Question

a single die is rolled twice. find the probability of rolling an odd number and a number greater than 3 in either order. the probability of rolling an odd number and a number greater than 3 is (type an integer or a simplified fraction)

Explanation:

Step1: Determine sample - space size

When a die is rolled twice, the sample - space size $n(S)=6\times6 = 36$ since there are 6 possible outcomes on the first roll and 6 possible outcomes on the second roll.

Step2: Define the events

Let $A$ be the set of odd numbers on a die $\{1,3,5\}$ and $B$ be the set of numbers greater than 3 on a die $\{4,5,6\}$.

Step3: Calculate the number of favorable outcomes

Case 1: First roll is odd and second roll is greater than 3.
The number of odd numbers is 3, and the number of numbers greater than 3 is 3. The number of outcomes for (odd, > 3) is $3\times3=9$ (e.g., (1,4), (1,5), (1,6), (3,4), (3,5), (3,6), (5,4), (5,5), (5,6)).
Case 2: First roll is greater than 3 and second roll is odd.
The number of outcomes for (> 3, odd) is $3\times3 = 9$ (e.g., (4,1), (4,3), (4,5), (5,1), (5,3), (5,5), (6,1), (6,3), (6,5)). But we have double - counted the outcomes where the number is both odd and greater than 3 (i.e., (5,5)) once in each case.

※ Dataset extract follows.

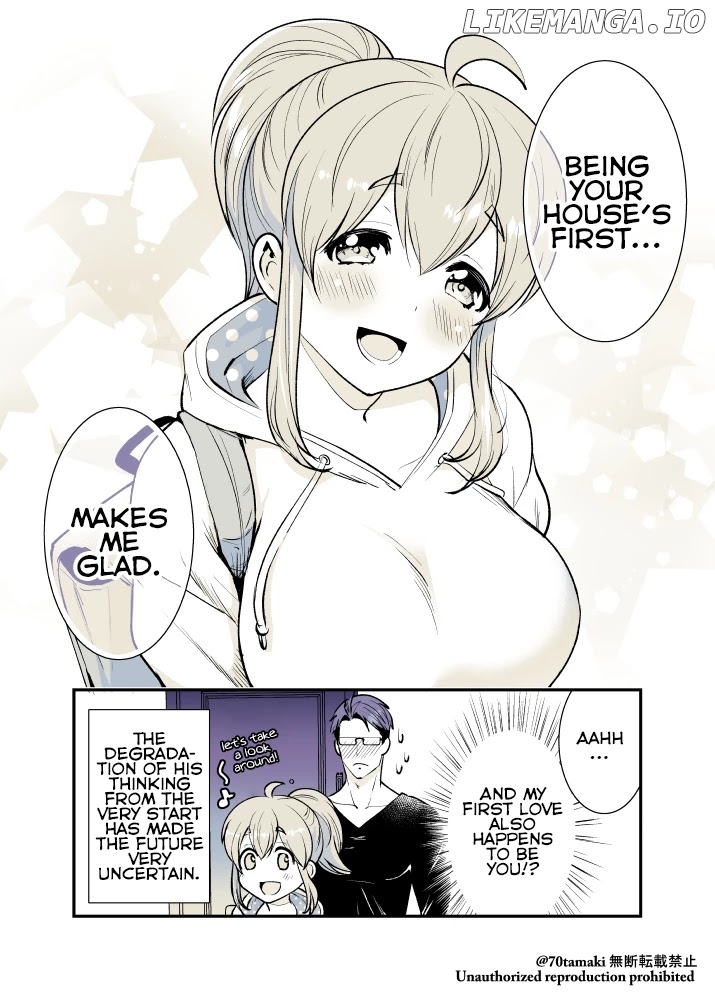 After Reuniting With My Childhood Friend, It Turned Out Both Of Us Had Become Tiddy Monsters chapter 14 - page 5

The number of such double - counted outcomes is 3 ( (5,5), (5,5) is counted twice; in general, the common elements of $A$ and $B$ are 5, and the pairs (5,5) is counted in both cases).
The number of favorable outcomes $n(E)=9 + 9-3=15$.

Step4: Calculate the probability

The probability $P(E)=\frac{n(E)}{n(S)}=\frac{15}{36}=\frac{5}{12}$.

Answer:

$\frac{5}{12}$